ANNEE 2008 – Au péril de la peinture


2008-1 Au péril de la peinture
par Catherine Plassart

Geneviève Besse nous propose « ses interversions » et nous mène à la rencontre de plusieurs «moments» constructifs et destructifs, dans un déploiement formel inattendu.

Pour comprendre le projet de Geneviève Besse, il faut se rappeler le long chemin parcouru avec les poètes et la soixantaine de livres d’artiste conçus et réalisés depuis vingt ans. Or, nous confie-t-elle, « Je crois que le livre d’artiste comprenant un texte d’un poète accompagné de mes peintures si il s’arrête là est abandonné dans son trajet. »

Au départ de cette nouvelle installation, pour l’Hôtel Beury à L’Echelle, un poème d’Yves Leclair « L’antique lumière d’Eden ». Le texte accompagné de cinq peintures de l’artiste, a donné lieu à un livre édité à 9 exemplaires par le centre d’art et de littérature. Puis comme elle a pris l’habitude de le faire depuis quelques années, l’artiste a développé ses « interversions ».

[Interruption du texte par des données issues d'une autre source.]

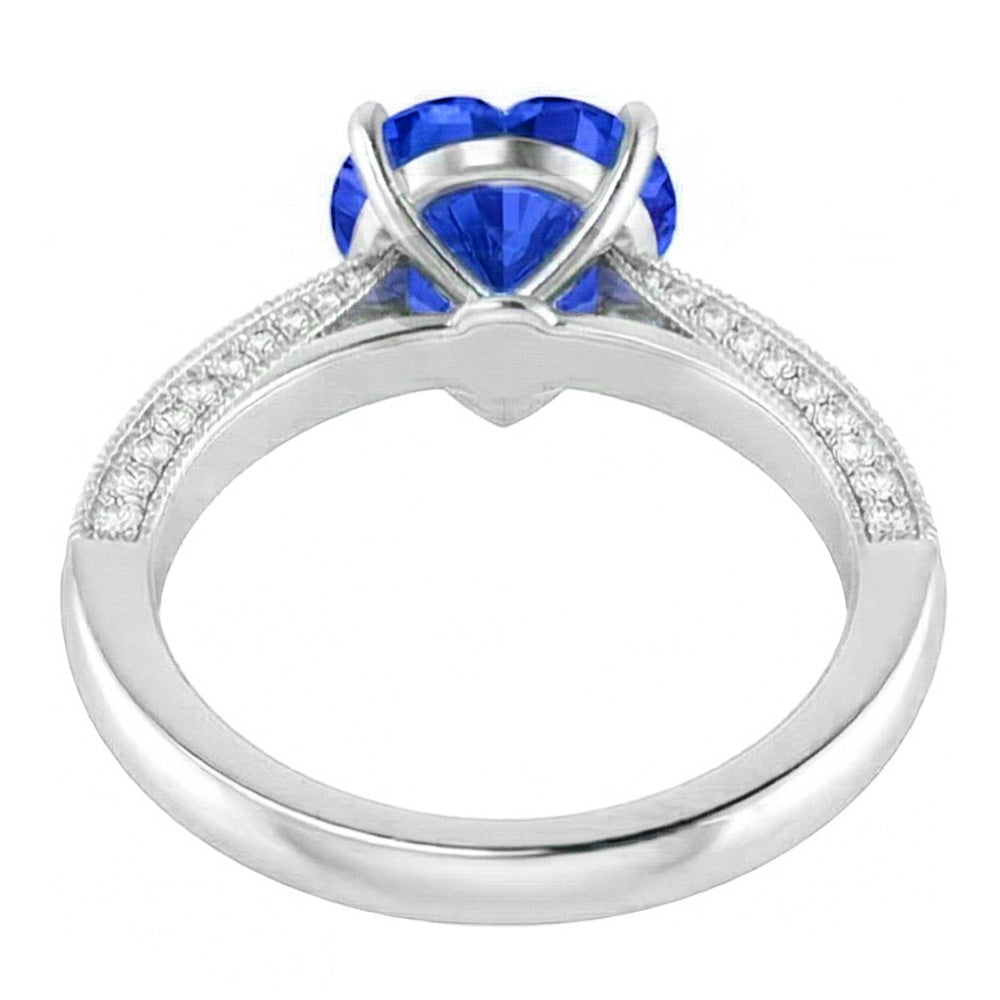 Gemstone Blue Sapphire Ring 4 Carats Multi Row Pave Natural Earth Mined Diamonds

Geneviève Besse désire que l’on puisse embrasser toutes les pages d’un ouvrage d’un même regard, retrouver ainsi la vision d’un même texte divisé en différents “morceaux”. Le livre, petit miracle d’ergonomie qui tient dans la main et qui assure au lecteur la possibilité de se retirer dans le silence et la solitude est « intervertit », métamorphosé en passant à une dimension monumentale. Sur papier libre, pur chiffon, grand format, le même texte dans une mise en page différente est recomposé avec d’autres couleurs. Le face à face, avec « l’oeuvre ouverte » accorde d’autres sens au poème. Les regards plus nombreux peuvent ensemble converger vers une installation qui vise une totalité.

Dans un premier temps donc, le poème s’extériorise et se développe au nom de l’intention plastique, dans un but de partage, l’artiste reconstituant sous la forme de six panneaux sur pied de 125 x 100 cm, les éléments “pages”, la structure “livre ouvert” et les rythmes harmonieux de la lecture.

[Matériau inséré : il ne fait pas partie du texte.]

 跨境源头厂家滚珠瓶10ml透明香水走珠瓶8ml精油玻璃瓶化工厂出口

Puis, tout se passe comme si elle renonçait à son projet épuisé pour s’intérioriser dans les peintures gris cendre, dense et quasi tragique des dos des panneaux. Vous êtes à ce stade invité à contourner les « pages ». Au verso, le poème se détériore, mots et lettres ne sont que particules dispersées, réorganisées en des associations brisées et discordantes qui aboutissent à l’anéantissement du texte.

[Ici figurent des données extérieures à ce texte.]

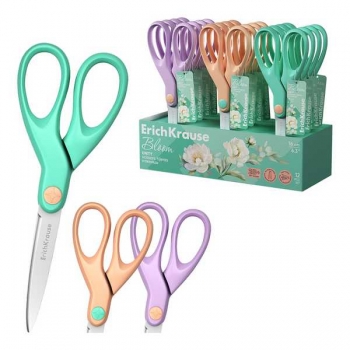 Ножницы ErichKrause Unity Pastel Bloom, 16 см, ассорти  (в дисплее по 12 шт.) арт.60842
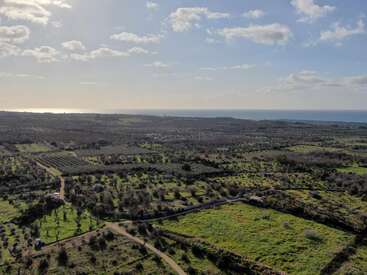 Vast farmland stretches towards the distant sea under a partly cloudy sky. Green fields, scattered trees, and winding paths create a peaceful rural landscape.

2008-2Puis, survient la dernière étape des « interversions ». Sur un mur, cinq panneaux de 125 x 50cm, photocopies en couleurs du livre originel, du livre « source », montrent la destruction de l’ouvrage, révèlent le processus de détérioration.

Détruire le livre pour retenir les mots, détruire les mots pour ne conserver que la lettre. Les grands lecteurs le savent, il est salutaire de temps à autre, de brûler sa bibliothèque. La destruction doit cependant être méthodique pour accéder à la taille du rituel et être garante d’une renaissance créatrice.

Ainsi Geneviève Besse, avec ses « interversions » se livre avec entrain à la destruction des textes. Ultime défense pour s’assurer que l’on est bien dans un rapport spontané et enthousiaste à la réalité ? Ultime paradoxe d’écriture ? Contradiction, peut-être ? A l’artiste tourangelle qui a beaucoup fréquenté l’abbaye de Thélème, tout est permis : le mélange et la combinaison des écritures puisque tous les mots que nous connaissons sont en même temps vrais et faux, le poème différemment, le savoir et la connaissance autrement, le livre au péril de la peinture, les libres « interversions ».